Ia menjelaskan bahwa tingkat deflasi pada tarif listrik mencapai 21,03 persen dan memberikan andil deflasi sebesar 0,67 persen. Faktor utama penyebabnya adalah kebijakan diskon tarif listrik sebesar 50 persen yang masih berlangsung.
Selain dampak dari kebijakan diskon listrik, deflasi Februari 2025 juga disebabkan oleh penurunan harga beberapa bahan pangan. Setelah mengalami lonjakan harga pada bulan-bulan sebelumnya, harga beberapa komoditas pangan kini mengalami stabilisasi dan penyesuaian.
Beberapa bahan pangan yang mengalami penurunan harga antara lain daging ayam ras, bawang merah, cabai merah, cabai rawit, tomat, dan telur ayam ras. “Deflasi ini terjadi karena adanya stabilisasi harga dan penyesuaian setelah peningkatan harga beberapa bulan sebelumnya,” jelas Amalia yang akrab disapa Winny.
Deflasi Terjadi di 33 Provinsi
BPS mencatat bahwa 33 provinsi mengalami deflasi pada Februari 2025, sementara lima provinsi lainnya mengalami inflasi. Deflasi tertinggi terjadi di Papua Barat yang mencapai 1,41 persen secara bulanan. Sementara itu, inflasi tertinggi terjadi di Papua Pegunungan yang mencapai 2,72 persen mtm.
Secara tahunan (year on year/yoy), Indonesia mengalami deflasi sebesar 0,09 persen. Berdasarkan tahun kalender, Indonesia mengalami deflasi sebesar 1,24 persen.
Penyumbang deflasi terbesar secara tahunan berasal dari kelompok perumahan, air, listrik, dan bahan bakar rumah tangga. Winny menjelaskan bahwa kelompok ini mengalami deflasi sebesar 12,08 persen yoy dengan andil terhadap deflasi tahunan sebesar 1,92 persen.

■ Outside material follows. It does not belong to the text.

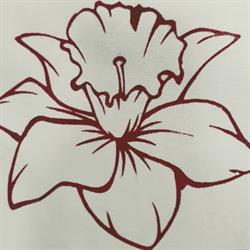 Narciso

Tarif listrik menjadi komoditas dengan andil deflasi terbesar dalam kelompok tersebut, yakni sebesar 2,16 persen yoy. Selain itu, beberapa komoditas pangan juga menjadi penyumbang deflasi tahunan, seperti beras, tomat, dan cabai merah, masing-masing dengan andil sebesar 0,11 persen.
22 Provinsi Alami Deflasi Secara Tahunan
BPS juga mencatat bahwa sebanyak 22 provinsi mengalami deflasi secara tahunan, sementara 16 provinsi lainnya mengalami inflasi. Deflasi tertinggi terjadi di Papua Barat dengan angka 1,98 persen yoy, sedangkan inflasi tertinggi tercatat di Papua Pegunungan yang mencapai 7,99 persen yoy.
Dengan tren deflasi yang masih terjadi, pemerintah dan pelaku ekonomi perlu mencermati dampaknya terhadap daya beli masyarakat dan sektor usaha. Jika deflasi berlanjut, ini bisa menjadi indikator adanya tekanan terhadap permintaan dan konsumsi domestik yang melemah. Sebaliknya, jika harga mulai stabil dalam beberapa bulan mendatang, hal ini dapat menjadi tanda pemulihan ekonomi yang lebih seimbang.